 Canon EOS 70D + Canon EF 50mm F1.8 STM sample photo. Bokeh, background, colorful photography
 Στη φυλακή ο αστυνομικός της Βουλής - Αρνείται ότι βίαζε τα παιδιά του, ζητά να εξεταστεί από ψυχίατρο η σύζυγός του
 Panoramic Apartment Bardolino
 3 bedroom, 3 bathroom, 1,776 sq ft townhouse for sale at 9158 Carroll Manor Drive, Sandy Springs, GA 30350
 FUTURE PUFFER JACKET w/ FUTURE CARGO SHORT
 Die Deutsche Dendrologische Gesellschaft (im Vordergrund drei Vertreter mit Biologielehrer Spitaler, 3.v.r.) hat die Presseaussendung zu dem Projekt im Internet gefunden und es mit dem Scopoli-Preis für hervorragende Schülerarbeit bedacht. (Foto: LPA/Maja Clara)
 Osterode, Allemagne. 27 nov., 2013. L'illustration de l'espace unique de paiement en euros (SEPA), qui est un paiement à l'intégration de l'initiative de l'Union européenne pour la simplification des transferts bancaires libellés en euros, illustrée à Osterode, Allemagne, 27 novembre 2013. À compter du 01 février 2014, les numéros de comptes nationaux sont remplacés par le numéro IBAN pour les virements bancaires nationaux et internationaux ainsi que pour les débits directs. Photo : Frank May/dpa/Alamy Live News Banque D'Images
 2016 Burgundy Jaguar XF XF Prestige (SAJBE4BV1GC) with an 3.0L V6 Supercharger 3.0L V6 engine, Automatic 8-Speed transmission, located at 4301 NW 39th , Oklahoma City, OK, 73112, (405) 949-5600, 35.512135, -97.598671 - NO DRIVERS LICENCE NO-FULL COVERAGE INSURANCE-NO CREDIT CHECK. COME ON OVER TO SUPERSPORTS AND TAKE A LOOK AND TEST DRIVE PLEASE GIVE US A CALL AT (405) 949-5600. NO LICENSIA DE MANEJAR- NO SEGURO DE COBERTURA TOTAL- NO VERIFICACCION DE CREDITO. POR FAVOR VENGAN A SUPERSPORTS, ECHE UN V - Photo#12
*-*-*
PROBLEM TO WORK ON = Output the line containing "Die Deutsche Dendrologische" together with all later lines of the entries, exactly as written, through the final line.

SOLUTION TO THIS EXERCISE =
 Die Deutsche Dendrologische Gesellschaft (im Vordergrund drei Vertreter mit Biologielehrer Spitaler, 3.v.r.) hat die Presseaussendung zu dem Projekt im Internet gefunden und es mit dem Scopoli-Preis für hervorragende Schülerarbeit bedacht. (Foto: LPA/Maja Clara)
 Osterode, Allemagne. 27 nov., 2013. L'illustration de l'espace unique de paiement en euros (SEPA), qui est un paiement à l'intégration de l'initiative de l'Union européenne pour la simplification des transferts bancaires libellés en euros, illustrée à Osterode, Allemagne, 27 novembre 2013. À compter du 01 février 2014, les numéros de comptes nationaux sont remplacés par le numéro IBAN pour les virements bancaires nationaux et internationaux ainsi que pour les débits directs. Photo : Frank May/dpa/Alamy Live News Banque D'Images
 2016 Burgundy Jaguar XF XF Prestige (SAJBE4BV1GC) with an 3.0L V6 Supercharger 3.0L V6 engine, Automatic 8-Speed transmission, located at 4301 NW 39th , Oklahoma City, OK, 73112, (405) 949-5600, 35.512135, -97.598671 - NO DRIVERS LICENCE NO-FULL COVERAGE INSURANCE-NO CREDIT CHECK. COME ON OVER TO SUPERSPORTS AND TAKE A LOOK AND TEST DRIVE PLEASE GIVE US A CALL AT (405) 949-5600. NO LICENSIA DE MANEJAR- NO SEGURO DE COBERTURA TOTAL- NO VERIFICACCION DE CREDITO. POR FAVOR VENGAN A SUPERSPORTS, ECHE UN V - Photo#12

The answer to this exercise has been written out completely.